# Data:
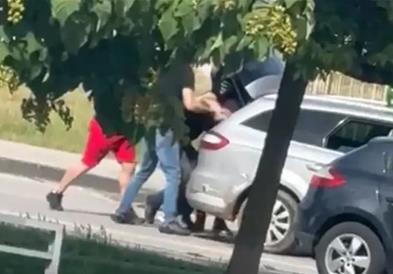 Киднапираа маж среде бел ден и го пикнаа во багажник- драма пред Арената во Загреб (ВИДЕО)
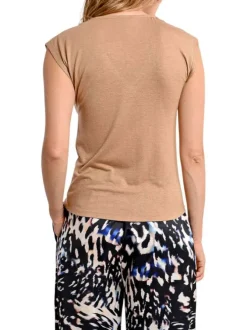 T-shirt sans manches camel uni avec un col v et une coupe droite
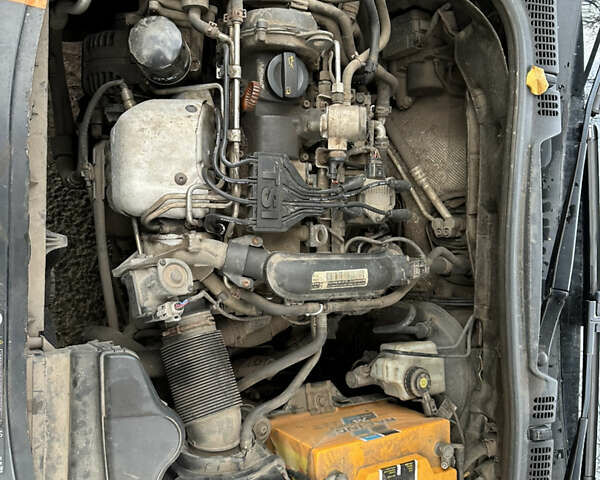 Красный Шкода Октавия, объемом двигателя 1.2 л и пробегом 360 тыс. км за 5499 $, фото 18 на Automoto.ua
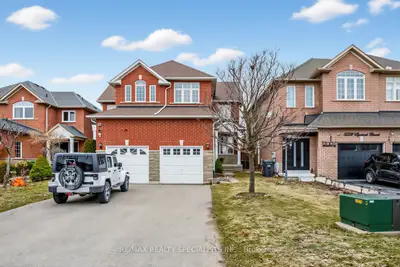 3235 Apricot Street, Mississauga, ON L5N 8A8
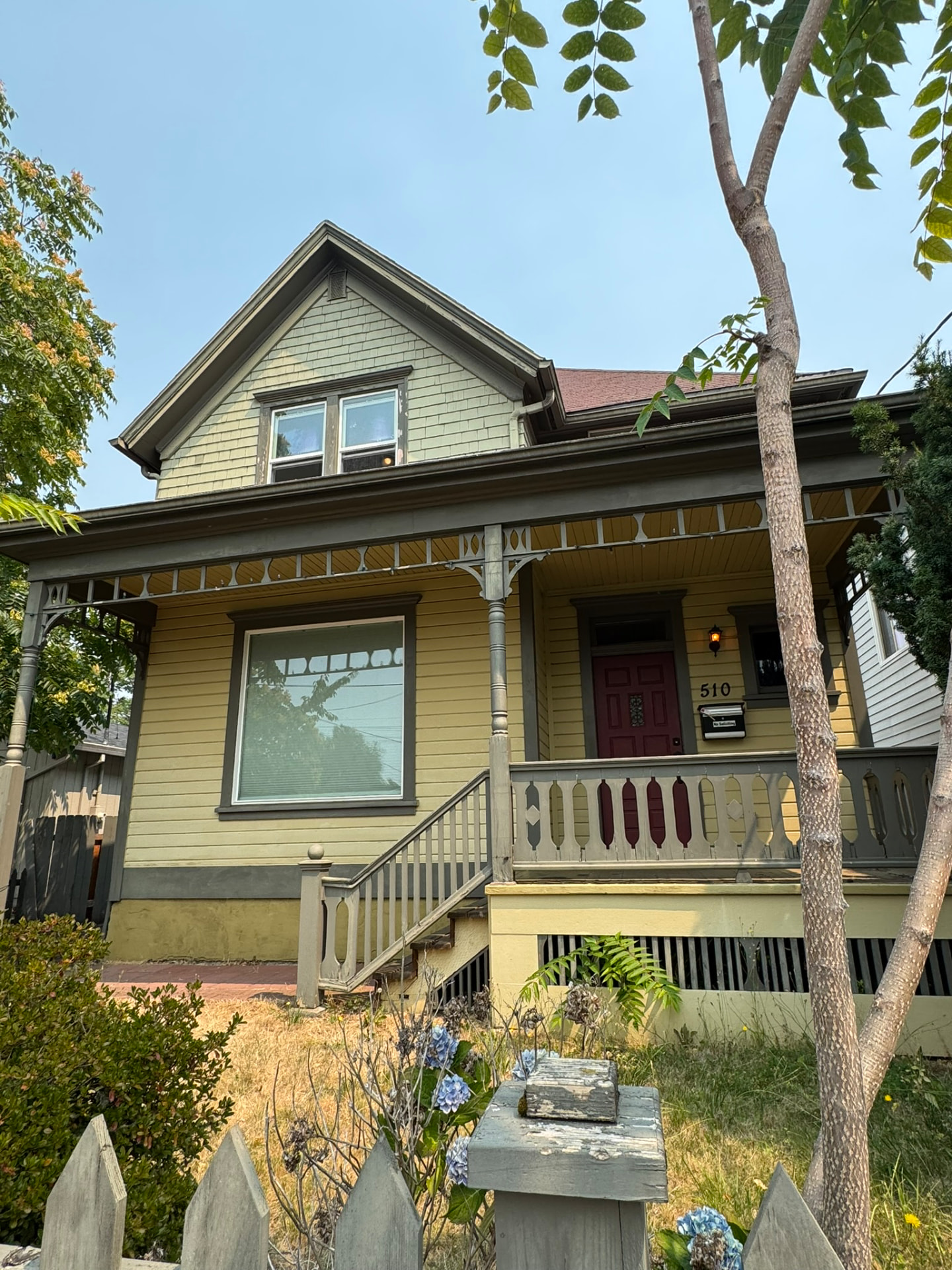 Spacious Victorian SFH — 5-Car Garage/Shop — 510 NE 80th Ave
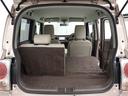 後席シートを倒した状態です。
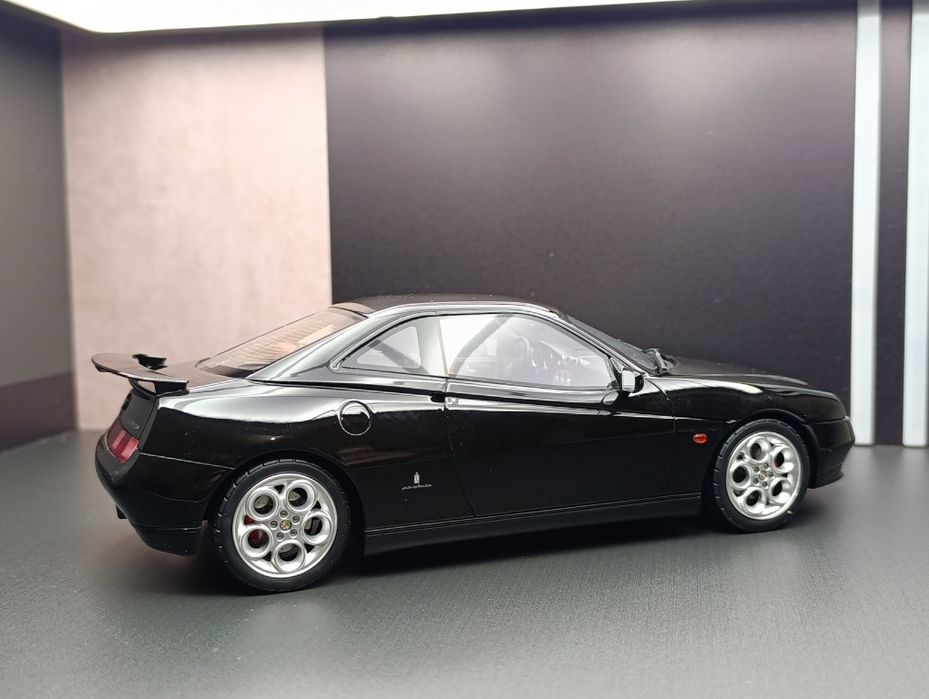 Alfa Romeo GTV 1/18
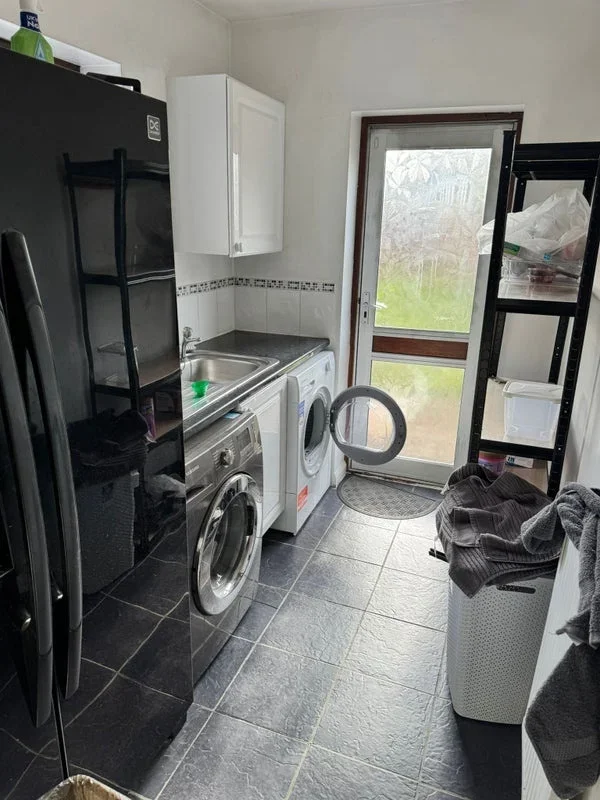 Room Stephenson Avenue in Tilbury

==

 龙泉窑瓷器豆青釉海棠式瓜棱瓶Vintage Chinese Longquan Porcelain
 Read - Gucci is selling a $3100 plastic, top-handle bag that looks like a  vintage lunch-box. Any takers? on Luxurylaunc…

--

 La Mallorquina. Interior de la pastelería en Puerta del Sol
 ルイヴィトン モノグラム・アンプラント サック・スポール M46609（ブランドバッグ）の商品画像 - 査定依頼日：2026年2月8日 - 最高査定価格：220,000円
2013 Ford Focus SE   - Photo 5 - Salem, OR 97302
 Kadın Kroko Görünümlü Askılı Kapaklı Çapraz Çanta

# What the task asks:
Write back word for word every line in the entries above from the one with "後席シートを倒した状態です。" to the one with "Room Stephenson Avenue in Tilbury", ends included, and none of the pictures.

# Written answer:
 後席シートを倒した状態です。
 Alfa Romeo GTV 1/18
 Room Stephenson Avenue in Tilbury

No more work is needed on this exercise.